In der Tendenz ist der Beitrag vom Zugänglicheren zum Hürdenreicheren aufgebaut.
In diesem ersten Teil führe ich zu einer, wie mir scheint, oftmals konsensfähigen Faustregel hin: je mehr Macht das Individuum hat, desto mehr sollte es sich selbst in die Pflicht nehmen, mit ihr verantwortungsbewusst umzugehen. Der ganze Beitrag (Teil I und II + Vorbemerkungen) ist auf meinem Blog.

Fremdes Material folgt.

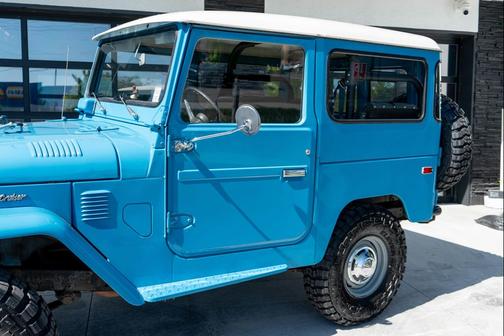 Sky Blue 1976 Toyota Land Cruiser Base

In ihm gehe ich dann auch auf eine menschliche Tendenz ein, von der ich glaube, dass sie uns davon abhält, zu einer besseren Welt zu kommen. Ich hoffe, dass der:die Leser:in sie auch bei sich einsieht und sie auch dort als problematisch erkennt.
Also, los geht’s.
Dass mit mehr Macht mehr Verantwortung kommt
Weihnachten 2022: Ich sitze mit meiner Mutter und meiner Großmutter beim Abendessen. Oma erzählt von ihrer Jugend auf dem Bauernhof, erzählt, dass man — weil es kein fließend Wasser im Haus gab — den Löffel nach dem Essen einfach abschleckte und ihn danach wieder zurück in die Schublade des Tisches für die nächste Mahlzeit lag. Und wenn wirklich mal etwas abgewaschen wurde, dann gab es einen Eimer Wasser für das Geschirr der ganzen Familie. “Das war in Deutschland und es ist keine 80 Jahre her.”, denke ich.

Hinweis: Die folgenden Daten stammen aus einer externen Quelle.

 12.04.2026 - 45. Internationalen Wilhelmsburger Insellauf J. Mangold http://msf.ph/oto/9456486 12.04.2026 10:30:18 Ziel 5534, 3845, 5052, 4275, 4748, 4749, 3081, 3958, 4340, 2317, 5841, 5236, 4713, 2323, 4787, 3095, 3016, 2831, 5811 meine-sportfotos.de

Am Abend sitze ich in meinem Kinderzimmer und frage mich, was sich seitdem nicht alles verändert hat, wie anders die Jugend meiner Großmutter und meine gelaufen ist; wie unglaublich es ist, dass wir es in so kurzer Zeit geschafft haben, von “es gibt kein fließend Wasser in vielen Häusern” zu “unser Lebensstil bedroht einen großen Teil des Lebens auf dem Planeten” zu kommen.
In meinem Blickfeld ist dabei alles voller Bücher. Die meisten davon sind Fantasy; viele handeln von Elfen: ein Volk, das es in eigentlich jeder Version schafft, seine Städte im Einklang mit der Natur zu bauen, oft haben diese Elfen keine eng begrenzte Lebensspanne, sondern können ähnlich mancher Pilzarten beinahe beliebig lange leben: bis sie eines Tages zu müde werden … und Abschied nehmen. Weiter führen mich meine Gedanken zum alten China: aus einer heutigen Perspektive beinah so fern wie diese Elfenreiche.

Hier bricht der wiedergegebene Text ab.